「……翔真さん!?」
 慌てて解錠して、ドアを開く。
 そこには先ほど思い浮かべていた通りの顔があった。
 長めの前髪から覗く切れ長の目、すんなり通った鼻筋、その下の薄い唇は笑みをたたえている。
 まぎれもなく愛しい恋人の姿だ。
「こらえきれず、来てしまった。俺はせっかちだからな」
「翔真さん……」
 私は彼に突進して抱きついた。
 こんなにうれしいサプライズがあるだろうか。
 私を抱きとめた翔真さんは頬に口づけ、額に口づけ、最後に唇に口づけた。
 彼の体温、彼の匂いに包まれて、喜びに舞い上がる。
「ハチ公のように待つんじゃなかったんですか?」
 少し落ち着いた私は彼の腕の中で、くすくす笑った。
 肩をすくめた翔真さんは、いたずらな笑みを浮かべる。
「やっぱり無理だった。柴崎くんと一緒だというのもハラハラするしな」
「柴崎とはただの同僚としてしか接してませんよ」
 断って以来、彼はもとの態度に戻った。というか、刺々しさのないほかの人と同じ対応をしてくれている。彼が大人でよかったと思う。
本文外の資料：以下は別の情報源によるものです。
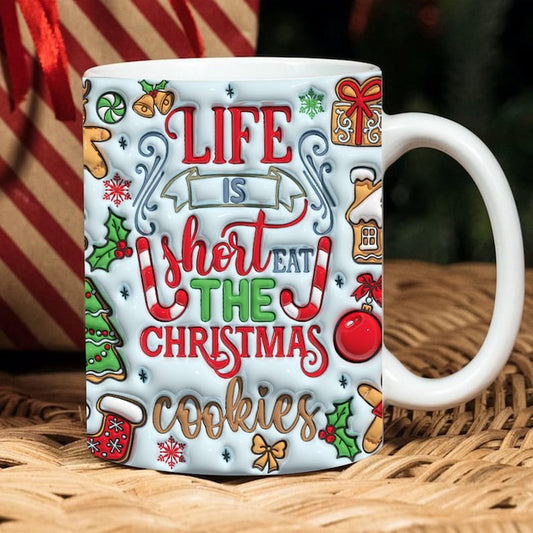 Christmas 3D Mug, 3D Christmas Cookies Inflated Mug, 3D, Santa Mug, Gift For Christmas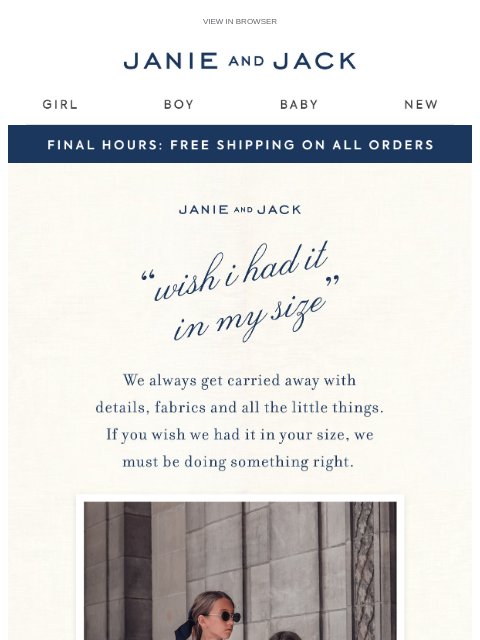 janieandjack newsletter: Fall's must-have denim dress + free shipping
「わかってる。でも、嫉妬してしまうんだ。それに寝る前、君に『おやすみ』を言いたかった。だから、国際コンペでここの仕事を勝ち取ってきたんだ」
「ここの?」
 翔真さんはさらりと言ったけれど、話が急展開すぎて、私は首をかしげる。
「そうだ。少なくとも一年はバルセロナにいるよ」
「うそでしょう?」
 私は目を丸くした。
 てっきり彼は旅行で来たものと思っていた。
 できる翔真さんはバルセロナで仕事を見つけてきたのだ。
「その関係で忙しくしてて、悪かったな」
「ううん、最高です!」
 改めて彼に抱きつき、その胸に頬を摺り寄せる。
 うれしくて、うれしくて。
 すると、翔真さんはポケットからなにか取り出した。
「優那、またせっかちだと言われそうだが、俺と結婚してくれ」
 差し出されたのは、キラリと輝く指輪だった。
 驚きのあまり、息がとまる。
 翔真さんは苦笑しながら続けた。
「本当はあの事故の直前に言おうとしてたんだが、遅くなってしまった」
(あのときに?)
 私は翔真さんと指輪を交互に見た。
 こんなうれしいことが次々と起こっていいのだろうかと怖くなる。
 胸が詰まって声が出てこない。
 黙って彼を見つめる私を勘違いしたのか、翔真さんが眉を下げて言いかけた。
「いきなりすぎたな。返事はあとで――」
「イエスです! 返事はイエスしか受け付けないんでしょう?」
 彼の言葉をさえぎり、泣き笑いの顔で私が言うと、翔真さんが破顔した。
「その通りだ」
 熱いキスが降ってくる。
 こうして私は憧れの地で、夢も最高の恋人も手に入れたのだった。